Saturday, 7 April 2012

ONE PILL MAKES YOU LARGER



Lately, I have failed to live up to my sterling reputation as a confirmed curmudgeon. I’ve wondered, time to time if my unnaturally peppy state of mind might have been just a little annoying. Awright, awready with the peace and love to all mankind. You’re giving me a headache.

But I haven’t lied to you. I know. It’s a pretty strange reaction to cancer and cancer treatment, all things considered, but I’ve been lucky and I’m so grateful for it. 

However…

Just to be clear, treatment is not exactly the party I’ve made it out to be. Well, maybe a surprise party – with the surprises coming daily, sometimes hourly. I wake up wondering what mischief my body has in store for me each day. There’s always something.   

Thursday – I’m putting on makeup and suddenly notice peach fuzz growing down the side of my right jaw. Just my right jaw. Huh. That wasn’t there before. The regrowth of hair on my head is falling out at a very rapid pace; I shave my legs every 2 months & now (are you kidding me?) I’m growing a beard?! On my face…which looks distinctly like someone has pumped helium into it and plans to use it as balloon.  

Also, just for fun…my tongue looks like I glued cottage cheese to it and it burns like hell. My throat is sore. My taste buds are at about 30%. Is that jam or ketchup I just ate? 

Steroids, The Dave tells me. Oh those lovely steroids…the sleepless nights, the swelling, the weight gain, the 30 second psychotic breaks when I’m overtired.  He assures me that the hair growth will stop, my face will eventually show evidence of bone structure and he gives me a prescription to treat Thrush Mouth.  And I’m off…..

…To Friday, when I wake up with zero vertigo. Zero!! Of course, the nerve damage in my feet and ankles now makes it feel like I have jelly beans glued to the bottoms of my feet in random places – but the room is not doing its’ merry-go-round motion. I’ve woken in the night with sharp pain in my knees and down my shin bones & it lasts until morning. But hell, I’m not dizzy and I feel good. When Heather goes out, I do the dishes, sweep the floors, and clean the bathroom. Look at me go, I’m thinking – I could pass for normal! 
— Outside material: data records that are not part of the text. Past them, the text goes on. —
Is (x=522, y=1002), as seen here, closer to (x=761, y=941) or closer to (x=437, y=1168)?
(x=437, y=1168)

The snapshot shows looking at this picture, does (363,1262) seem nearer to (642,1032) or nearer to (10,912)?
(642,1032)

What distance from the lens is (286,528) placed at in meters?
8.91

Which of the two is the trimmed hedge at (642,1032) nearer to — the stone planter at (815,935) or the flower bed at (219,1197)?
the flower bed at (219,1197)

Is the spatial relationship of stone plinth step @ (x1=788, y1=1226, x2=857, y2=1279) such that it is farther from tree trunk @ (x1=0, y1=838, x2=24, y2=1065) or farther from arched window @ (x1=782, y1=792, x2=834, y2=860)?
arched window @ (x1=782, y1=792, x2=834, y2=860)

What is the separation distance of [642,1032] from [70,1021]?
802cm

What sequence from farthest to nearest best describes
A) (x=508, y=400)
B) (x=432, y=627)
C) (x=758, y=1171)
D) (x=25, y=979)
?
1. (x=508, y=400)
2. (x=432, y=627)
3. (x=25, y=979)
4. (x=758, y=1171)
It’s a day of phone calls and a visit from a friend who comes bearing lovely yellow flowers and a huge box of European cookies.  A really enjoyable afternoon but 10 minutes after we say goodbye,I am barely able to keep my eyes open and I can feel ‘roid rage surfacing. Steroid rage is a very scary thing. It comes at you like a sucker punch. You push to keep going that one last minute, you put off resting for 30 seconds too long and you think you’re doing fine. And suddenly it’s as if any noise, any movement, the very room itself is closing in to attack. It doesn’t last but a minute, but it’s terrifying. That night, I sleep 7 hours for the first time in months.
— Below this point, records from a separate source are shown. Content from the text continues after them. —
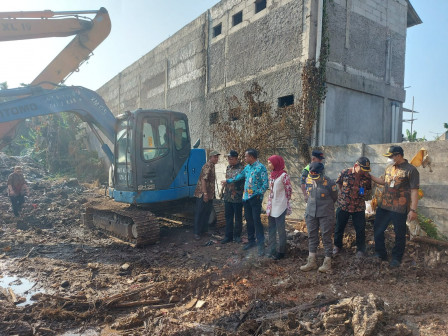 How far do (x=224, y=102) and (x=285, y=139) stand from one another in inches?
134

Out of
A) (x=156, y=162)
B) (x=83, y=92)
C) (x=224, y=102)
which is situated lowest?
(x=156, y=162)

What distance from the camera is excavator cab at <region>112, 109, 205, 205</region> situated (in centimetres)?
611

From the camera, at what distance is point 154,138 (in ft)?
20.8

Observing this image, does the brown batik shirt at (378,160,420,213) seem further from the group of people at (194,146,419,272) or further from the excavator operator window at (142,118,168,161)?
the excavator operator window at (142,118,168,161)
And hello Saturday. Hello no vertigo again. I turn in a circle – a move that would have toppled me a few days ago. The room stays still. I get dressed and sit down to put my slippers on and observe that I am wearing someone else’s ankles. My ankles are bony and thin. The ones I have on today are puffy and fat and don’t like to bend. ‘Roids, ‘roids – do you ever stop giving? 
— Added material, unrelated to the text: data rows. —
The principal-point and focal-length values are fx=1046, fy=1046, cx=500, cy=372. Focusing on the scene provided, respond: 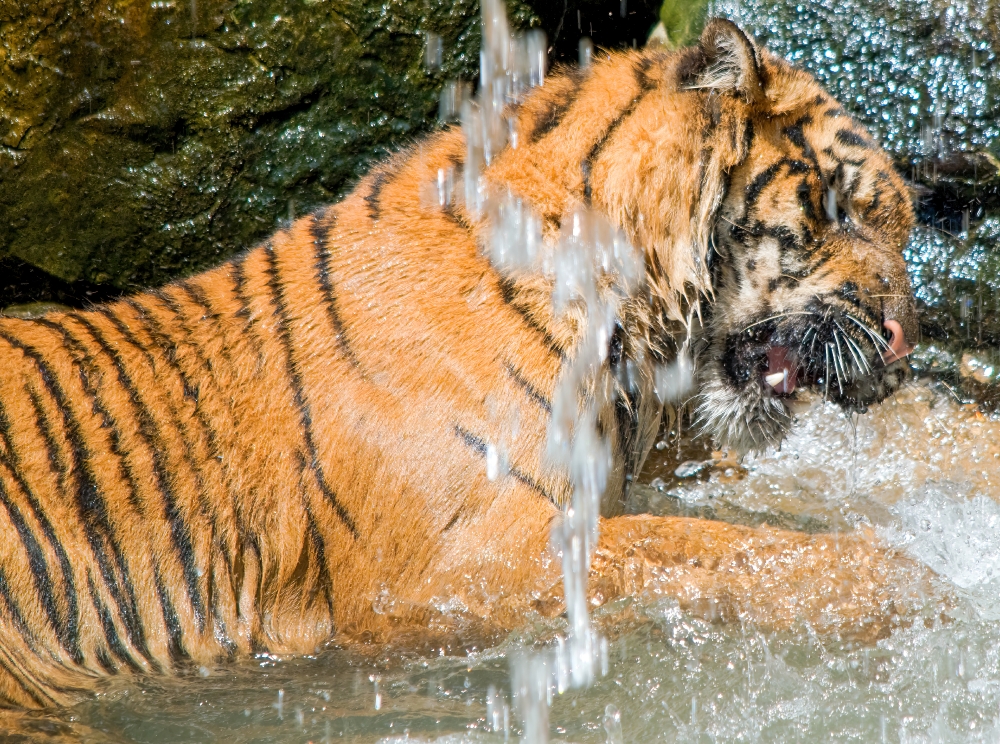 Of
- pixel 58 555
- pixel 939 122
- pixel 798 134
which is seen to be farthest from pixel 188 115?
pixel 939 122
Since September, I’ve been scared to try beading. I have nerve damage in my fingertips. My hands sometimes shake slightly. And heaven knows, my eyesight seems to change hourly. But I steel myself. It’s a simple embroidery piece and I’m doing textured fill-in. Should be easy. I put on my new reading glasses and find myself moving the piece nearer and then farther away to focus. Finally, I cover my left lens and my vision sharpens. I cover the right lens and it blurs. My NEW prescription glasses, mind you. I stick it out, damn it, finally managing not to stab myself or punch the needle into the wrong spot, but it’s damned alarming to think I spend $900 on three new pair of glasses and my eyesight has changed already.  An hour later I try the same lens covering test on my distance glasses. Same result.

Insert small sigh here. 

That’s how it goes – really, it’s annoying. It’s inconvenient. Sometimes it’s plain infuriating. But somehow, it doesn’t resurrect my inner curmudgeon.  I’m still not unhappy. It’s the price of the treatment and it’s not like you don’t have to pay. Many others with cancer are in real agony and believe me, my side-effects are practically a bouquet of roses in comparison and I know that. 

And this evening? I can see perfectly through the left lens of all my glasses. Surprise!